Mais cette fois, un nouveau doute s’installe :
Avec States of Elevation, et si Jornet ne cherchait pas à s’opposer à l’UTMB… mais simplement à exister en parallèle ?
Car en réalité, lancer States of Elevation en même temps que l’UTMB, c’est s’assurer un impact médiatique maximal. Tout le monde parle trail. Les yeux sont braqués sur la discipline. Il suffit de lever légèrement la main pour qu’on vous voie. Et Kilian sait parfaitement lever la main au bon moment.
L’UTMB, caisse de résonance involontaire
Il critique le système UTMB/Ironman. Il refuse d’y participer. Il prône une autre vision du trail, plus pure, plus libre. Mais en lançant ses projets pile pendant la grand-messe de Chamonix, il profite malgré tout du bruit médiatique généré par ce même système.

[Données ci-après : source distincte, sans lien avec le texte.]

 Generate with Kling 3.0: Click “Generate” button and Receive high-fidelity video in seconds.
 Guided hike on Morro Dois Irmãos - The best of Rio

Il n’est pas sur l’affiche, mais il est dans toutes les conversations. Il ne porte pas de dossard, mais il capte l’attention. Et ce, sans se salir les mains.
C’est bien joué. Et ce n’est pas nouveau : Jornet maîtrise depuis longtemps l’art d’être vu… sans donner l’impression de vouloir l’être.
Retour sur une brouille entre Kilian Jornet et l’UTMB jamais totalement assumée
Le divorce entre Kilian Jornet et l’UTMB n’a jamais été officialisé, mais les signes d’un éloignement progressif sont évidents. En 2022, alors que le circuit UTMB World Series passe sous le contrôle du groupe Ironman, Kilian prend ses distances. Il appelle publiquement à soutenir les courses indépendantes, critique implicitement la dérive commerciale du trail, et choisit de ne pas s’aligner sur le circuit. Il continue pourtant de courir à Chamonix… mais uniquement en off, pour s’entraîner ou mener ses propres projets.
En 2023, il est absent de la startlist. En 2024, il lance Alpine Connections, un projet personnel d’envergure dans les Alpes, démarré précisément pendant la semaine de l’UTMB. Beaucoup y voient un pied de nez à la grande machine. Lui reste silencieux. Aucune attaque directe. Aucune déclaration polémique. Mais un retrait calculé, presque chorégraphié.
Cette ambivalence n’est pas nouvelle. Dès 2010, lors de l’interruption chaotique de l’UTMB en raison d’une tempête, Kilian avait vécu une première forme de rupture avec l’organisation — entre informations contradictoires dans les ravitaillements et frustration collective, l’épisode avait laissé des traces. Pourtant, au fil des années, il est resté l’une des figures emblématiques de la course. Jusqu’au moment où la mue industrielle de l’événement avec Ironman a cristallisé les tensions.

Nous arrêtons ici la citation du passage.